Problem to solve: Only lines containing "Biodiversity" belong in the answer, each copied from the entries below.

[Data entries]
_ _ _ _
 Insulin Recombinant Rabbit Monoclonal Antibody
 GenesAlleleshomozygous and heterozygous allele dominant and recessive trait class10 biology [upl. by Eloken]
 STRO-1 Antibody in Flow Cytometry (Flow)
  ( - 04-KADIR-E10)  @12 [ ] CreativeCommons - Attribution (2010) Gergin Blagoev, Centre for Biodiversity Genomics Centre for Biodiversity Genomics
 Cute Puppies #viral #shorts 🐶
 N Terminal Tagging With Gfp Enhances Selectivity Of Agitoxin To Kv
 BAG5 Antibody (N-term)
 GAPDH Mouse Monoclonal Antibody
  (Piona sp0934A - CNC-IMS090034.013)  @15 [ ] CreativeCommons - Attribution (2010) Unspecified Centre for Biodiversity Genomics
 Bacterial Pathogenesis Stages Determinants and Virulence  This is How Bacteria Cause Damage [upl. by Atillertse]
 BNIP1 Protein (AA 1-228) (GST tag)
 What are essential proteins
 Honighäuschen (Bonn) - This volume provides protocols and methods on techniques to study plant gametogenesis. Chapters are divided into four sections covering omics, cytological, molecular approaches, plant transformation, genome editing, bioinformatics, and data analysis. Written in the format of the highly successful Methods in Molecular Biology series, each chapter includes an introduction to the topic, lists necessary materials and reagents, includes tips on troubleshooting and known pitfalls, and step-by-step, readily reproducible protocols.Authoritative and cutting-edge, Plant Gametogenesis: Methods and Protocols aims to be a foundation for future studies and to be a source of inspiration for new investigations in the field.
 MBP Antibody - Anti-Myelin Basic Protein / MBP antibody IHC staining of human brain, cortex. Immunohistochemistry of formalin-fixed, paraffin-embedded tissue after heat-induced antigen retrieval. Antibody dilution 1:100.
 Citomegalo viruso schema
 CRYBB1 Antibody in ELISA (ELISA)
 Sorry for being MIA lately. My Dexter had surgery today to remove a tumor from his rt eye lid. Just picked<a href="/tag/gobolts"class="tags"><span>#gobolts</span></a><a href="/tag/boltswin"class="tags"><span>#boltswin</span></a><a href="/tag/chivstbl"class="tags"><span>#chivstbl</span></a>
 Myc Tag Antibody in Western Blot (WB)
_ _ _ _
Response to the task:
  ( - 04-KADIR-E10)  @12 [ ] CreativeCommons - Attribution (2010) Gergin Blagoev, Centre for Biodiversity Genomics Centre for Biodiversity Genomics
  (Piona sp0934A - CNC-IMS090034.013)  @15 [ ] CreativeCommons - Attribution (2010) Unspecified Centre for Biodiversity Genomics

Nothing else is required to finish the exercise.